CLARK COUNTY — With local schools back in session, Clark County law enforcement will be taking extra steps to protect kids as they are getting on and off buses.

Clark County is among 29 counties in Indiana receiving aid to increase safety at school bus stops and school zones. Gov. Eric Holcomb announced Monday that police departments across the state will receive $380,000 in grants from the Indiana Criminal Justice Institute. The grant includes $10,000 for the Clark County Traffic Safety Partnership, which includes the Clark County Sheriff's Office and police departments in Jeffersonville, Sellersburg, Charlestown and Clarksville.

“Indiana police officers will be enforcing increased fines and penalties for drivers who recklessly pass bus stops and drive aggressively,” Holcomb said in a press release. “This is one of many steps that Indiana is taking to protect the safety of school children as classes resume.”

Sgt. Terry Braswell, an officer with the Sellersburg Police Department, is the coordinator for the Clark County Traffic Safety Partnership. For a two-week period later this month, each agency will be able to have extra officers available to patrol communities for school zone and stop arm violations due to the grant. Officers will be working overtime during these patrols to catch violations at bus stops, as well as speeding and aggressive driving near school zones.

Clark County's crackdown on school stop violations will be similar to the partnership's mobilization efforts against impaired and dangerous driving, according to Braswell. He said each agency will determine which areas to patrol in the mornings and afternoons.

Lawmakers also passed state legislation at this year's General Assembly to increase penalties for school bus arm infractions, and it went into effect in July. The legislation followed a bus stop accident that killed three siblings in Rochester last fall.

According to state law, school bus drivers are required to use flashing lights and to extend the bus's stop arm when students are crossing a roadway, and drivers are required to stop when the arm is extended. Under the new law, if drivers illegally pass a stopped school bus, they can be charged with a Class A misdemeanor, and if the action injures someone, the penalty increases to a Level 6 felony. If drivers illegally pass a stopped bus and kill someone, they can be charged with a Level 5 felony.

A 2019 survey from the National Association of State Directors of Pupil Transportation Services shows 2,653 illegal passes reported in one day in Indiana, with 6,863 bus drivers participating in the survey.

Braswell said the goal of Clark County law enforcement is make sure students get to and from school safely and prevent tragedies, in addition to educating the public on laws and school stop safety.

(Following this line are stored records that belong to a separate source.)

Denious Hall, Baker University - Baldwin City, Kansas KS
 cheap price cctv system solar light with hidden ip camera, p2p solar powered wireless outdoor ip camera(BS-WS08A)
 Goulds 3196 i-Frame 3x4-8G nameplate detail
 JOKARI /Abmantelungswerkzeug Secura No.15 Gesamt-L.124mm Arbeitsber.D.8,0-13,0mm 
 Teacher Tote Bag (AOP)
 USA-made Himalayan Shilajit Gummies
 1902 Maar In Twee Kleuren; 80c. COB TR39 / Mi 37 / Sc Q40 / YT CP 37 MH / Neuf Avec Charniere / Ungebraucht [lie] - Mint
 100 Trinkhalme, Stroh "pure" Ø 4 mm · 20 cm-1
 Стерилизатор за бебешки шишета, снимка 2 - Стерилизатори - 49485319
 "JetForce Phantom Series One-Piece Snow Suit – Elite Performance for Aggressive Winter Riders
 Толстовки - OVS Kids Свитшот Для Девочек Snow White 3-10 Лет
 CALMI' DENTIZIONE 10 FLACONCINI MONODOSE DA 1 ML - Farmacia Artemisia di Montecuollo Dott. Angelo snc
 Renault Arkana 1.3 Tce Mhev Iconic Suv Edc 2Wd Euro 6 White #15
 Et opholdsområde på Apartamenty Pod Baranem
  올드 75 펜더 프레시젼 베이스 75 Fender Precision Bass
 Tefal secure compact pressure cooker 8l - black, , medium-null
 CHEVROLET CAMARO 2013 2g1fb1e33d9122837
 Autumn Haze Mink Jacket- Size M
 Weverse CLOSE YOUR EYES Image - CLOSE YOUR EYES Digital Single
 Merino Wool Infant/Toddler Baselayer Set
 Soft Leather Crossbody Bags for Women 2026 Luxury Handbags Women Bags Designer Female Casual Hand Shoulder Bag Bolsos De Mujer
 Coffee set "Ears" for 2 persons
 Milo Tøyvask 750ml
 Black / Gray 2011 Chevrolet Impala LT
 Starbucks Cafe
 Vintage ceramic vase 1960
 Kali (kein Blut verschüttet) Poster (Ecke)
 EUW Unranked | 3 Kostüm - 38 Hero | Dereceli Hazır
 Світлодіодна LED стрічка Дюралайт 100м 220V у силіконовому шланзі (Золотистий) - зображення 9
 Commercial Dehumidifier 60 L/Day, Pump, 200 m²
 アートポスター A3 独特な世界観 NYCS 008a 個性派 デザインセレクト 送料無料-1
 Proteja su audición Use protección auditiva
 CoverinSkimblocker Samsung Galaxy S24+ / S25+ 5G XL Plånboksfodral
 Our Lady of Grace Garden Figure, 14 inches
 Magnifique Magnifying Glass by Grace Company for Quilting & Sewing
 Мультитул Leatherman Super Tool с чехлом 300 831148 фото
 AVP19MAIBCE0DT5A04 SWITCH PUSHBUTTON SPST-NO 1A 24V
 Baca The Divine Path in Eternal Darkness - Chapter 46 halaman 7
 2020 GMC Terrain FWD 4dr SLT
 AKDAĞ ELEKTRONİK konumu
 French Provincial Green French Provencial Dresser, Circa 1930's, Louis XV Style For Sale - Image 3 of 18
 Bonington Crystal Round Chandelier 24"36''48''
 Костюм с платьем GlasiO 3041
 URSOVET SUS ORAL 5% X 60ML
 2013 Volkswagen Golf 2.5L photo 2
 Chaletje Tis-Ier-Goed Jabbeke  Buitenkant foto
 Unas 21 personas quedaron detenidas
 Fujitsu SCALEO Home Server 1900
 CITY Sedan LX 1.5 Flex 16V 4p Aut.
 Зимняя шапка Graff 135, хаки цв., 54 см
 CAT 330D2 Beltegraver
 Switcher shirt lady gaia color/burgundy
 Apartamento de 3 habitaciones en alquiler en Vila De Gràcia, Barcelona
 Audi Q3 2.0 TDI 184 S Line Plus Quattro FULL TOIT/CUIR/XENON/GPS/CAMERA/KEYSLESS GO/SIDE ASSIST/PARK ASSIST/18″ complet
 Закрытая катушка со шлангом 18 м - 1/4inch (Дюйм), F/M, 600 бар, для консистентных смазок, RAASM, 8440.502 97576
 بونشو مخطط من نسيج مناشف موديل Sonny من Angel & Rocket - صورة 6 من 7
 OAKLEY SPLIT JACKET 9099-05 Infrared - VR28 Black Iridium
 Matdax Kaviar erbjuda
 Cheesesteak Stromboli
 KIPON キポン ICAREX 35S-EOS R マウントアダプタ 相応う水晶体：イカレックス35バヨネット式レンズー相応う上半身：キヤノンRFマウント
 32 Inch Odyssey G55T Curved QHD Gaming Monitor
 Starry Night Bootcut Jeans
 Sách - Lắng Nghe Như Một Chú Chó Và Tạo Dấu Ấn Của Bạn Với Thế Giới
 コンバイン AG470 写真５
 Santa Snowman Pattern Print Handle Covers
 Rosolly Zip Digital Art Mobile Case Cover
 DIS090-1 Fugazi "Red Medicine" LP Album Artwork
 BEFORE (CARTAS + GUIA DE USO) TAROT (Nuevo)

"If you have questions about whether or not to stop, just stop," Braswell said. "Always err on side of caution when it comes to kids. If you don’t know, ask."

Sellersburg Police Chief Russ Whelan said while officers on normal duty are always looking for violations in school zones or bus stop arm infractions, it will help to have extra officers on-hand in overtime hours to address the issue. He said the department typically gets a few complaints per month about these violations, but there are likely many that are unreported.

"It's not one of our biggest complaints that we get, but it's a complaint we get every school year," he said. "It's generally speeding, but the bus arm violation is a big one. Both are problems, but the bus arm one really really concerns me with kids out in the road and getting ready to cross."

Whelan emphasizes that people can be arrested for bus stop arm violations, and he said they will not get off with a warning.

Chad Schenck, transportation director for Greater Clark County Schools, said he is thrilled that the county will have extra officers available to enforce penalties for bus stop violations. He said drivers are asked to report bus stop arm infractions — including vehicle descriptions and license plate numbers — to law enforcement, and the district often sees at least one or two reports a day.

"It's great to use added resources to investigate and prosecute those who are jeopardizing the safety of our students our bus drivers are picking up and dropping off along Clark County roadways," he said.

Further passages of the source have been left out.